Throttling

Introduction #

VReplication moves potentially massive amounts of data from one place to another, whether within the same keyspace and shard or across keyspaces. It copies tables and follows up to apply ongoing changes on those tables by reading the binary logs (aka the changelog).

This places load on both the source side (where VReplication reads data from) as well as on target side (where VReplication writes data to).

On the source side, VReplication reads the content of tables. This typically means loading pages from disk contending for disk IO, and "polluting" the MySQL buffer pool. The operation competes with normal production traffic for both IO and memory resources. If the source is a replica, the operation may lead to replication lag. If the source is a primary, this may lead to write contention.

On the target side, VReplication writes massive amount of data.
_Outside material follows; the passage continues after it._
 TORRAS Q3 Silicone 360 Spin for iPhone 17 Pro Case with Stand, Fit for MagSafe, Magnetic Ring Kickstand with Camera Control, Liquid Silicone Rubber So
If the target server is a primary with replicas, then the replicas may incur replication lag.

To help address the above issues, VReplication uses the tablet throttler mechanism to push back both reads and writes.

Target Throttling #

On the target side, VReplication wishes to consult the overall health of the target shard (there can be multiple shards to a VReplication workflow, and here we discuss the single shard at the end of a single VReplication stream). That shard may serve production traffic unrelated to VReplication. VReplication therefore consults the tablet throttler when writing data to the shard's primary. This checks the MySQL replication lag on relevant replicas in the shard, and/or any other configured metrics. The throttler will delay the VReplication writes of both table-copy and changelog events until the shard's replication lag or other metrics are below their respective thresholds..

Source Throttling #

On the source side, VReplication only affects the single MySQL server it reads from, and has no impact on the overall shard. VStreamer, the source endpoint of VReplication, consults the tablet's throttler. By default this looks for replication lag on tablet's MySQL server. It may look for additional/other metrics per configuration. As long as any of the metrics exceeds its threshold, VStreamer will not read table data, nor will it pull events from the changelog.

Impact of Throttling #

VReplication throttling is designed to give preference to normal production traffic while operating in the background. Production traffic will see less contention. The downside is that VReplication can take longer to operate. Under high load in production VReplication may altogether stall, to resume later when the load subsides.

Throttling will push back VReplication on replication lag. On systems where replication lag is normally high this can prevent VReplication from being able to operate normally. In such systems consider configuring --throttle-threshold to a value that agrees with your constraints. The default throttling threshold is at 1 second replication lag.